7. You’re using a travel card with a foreign transaction fee.
Foreign transaction fees can be the bane of an international traveler’s existence. Cards that charge this fee tack on a 1 to 3 percent surcharge on anything you spend outside the U.S. – as well as online purchases made from the U.S. on foreign websites.
The Capital One VentureOne Rewards credit card is one foreign transaction fee-free option; the Chase Sapphire Preferred card is another.
8. You choose the wrong booking option.
Book through the airline or book through your card’s travel portal? It’s a tough question and one you can’t afford to get wrong.
Booking directly through the airline may be easier than using your card’s travel portal as a middleman. And, it might offer better flight options with fewer restrictions.
On the other hand, if your card offers a bonus when you book through the portal, booking with the airline would mean missing out on those extra miles or points.
Duren says to carefully consider pricing before you book through your card’s travel portal. If the pricing for flights or rooms is higher through the portal versus booking directly with the airline or hotel, that shrinks the value you get from earning a rewards bonus.
9. You don’t pay attention to rewards categories.
Some travel credit cards keep things simple by letting you earn one flat rewards rate on everything you spend.
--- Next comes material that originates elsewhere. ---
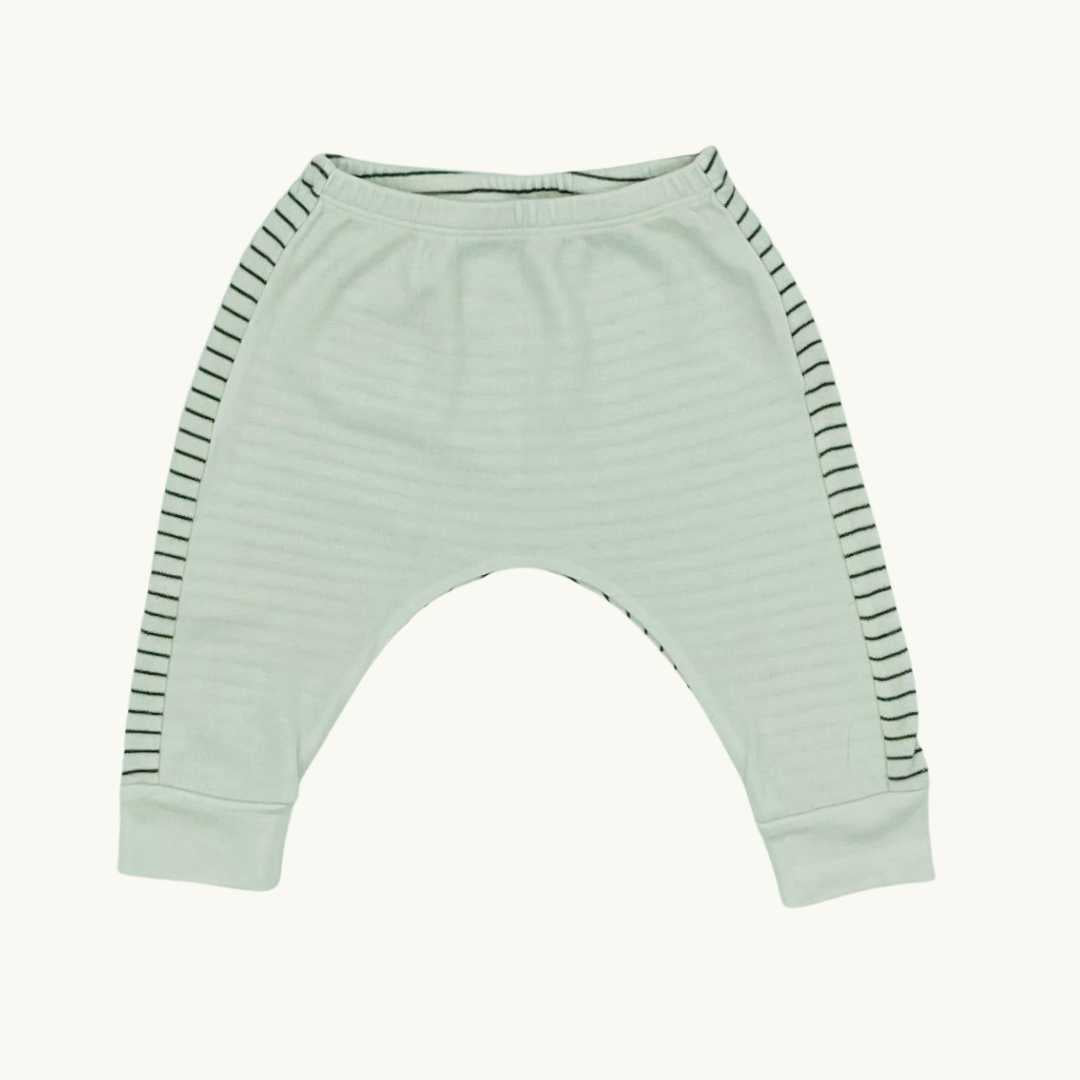 Hardly Worn Baby Mori grey striped yoga joggers size 0-3 months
Others mix things up with different rewards categories.
The Premier Rewards Gold Card from American Express is a great example. This card offers 3x points for flights booked directly at the airlines and 2x points at U.S. restaurants, U.S. gas stations and U.S. supermarkets. All other purchases earn 1 point per dollar.
Seems simple enough, but can you go wrong if you book flights through travel sites such as Kayak or Orbitz? A flight’s a flight, right?
Video: 5 credit card questions to ask before traveling overseas
Pro tip: If you struggle to keep track of where you can earn the most rewards, stick with a travel card that pays the same generous rewards rate on everything you spend, such as the Capital One Venture Rewards card.
10. You’re a sucker for a big introductory rewards bonus.
Getting a big introductory sign-up bonus with a new travel credit card feels like hitting the jackpot, but chasing after those bonuses can be dangerous.
Duren says introductory bonuses make you focus on the short-term payoff, rather than thinking about the card from a long-term perspective. In the process, you overlook a critical part of the equation: the minimum spending requirement.
“If you’re choosing a new card based on the sign-up bonus, ask yourself if meeting the minimum spending requirement is worth it,” says Frankel.
If you have to spend $3,000, $4,000 or $5,000 to nab the bonus, how likely are you to pay it off in full right away? The more interest you pay because you’re carrying a balance, the more value is siphoned away from the rewards bonus.
Be smart and look at things objectively as you compare bonus offers, says Bakke. “Get out the calculator and see what makes the best sense.”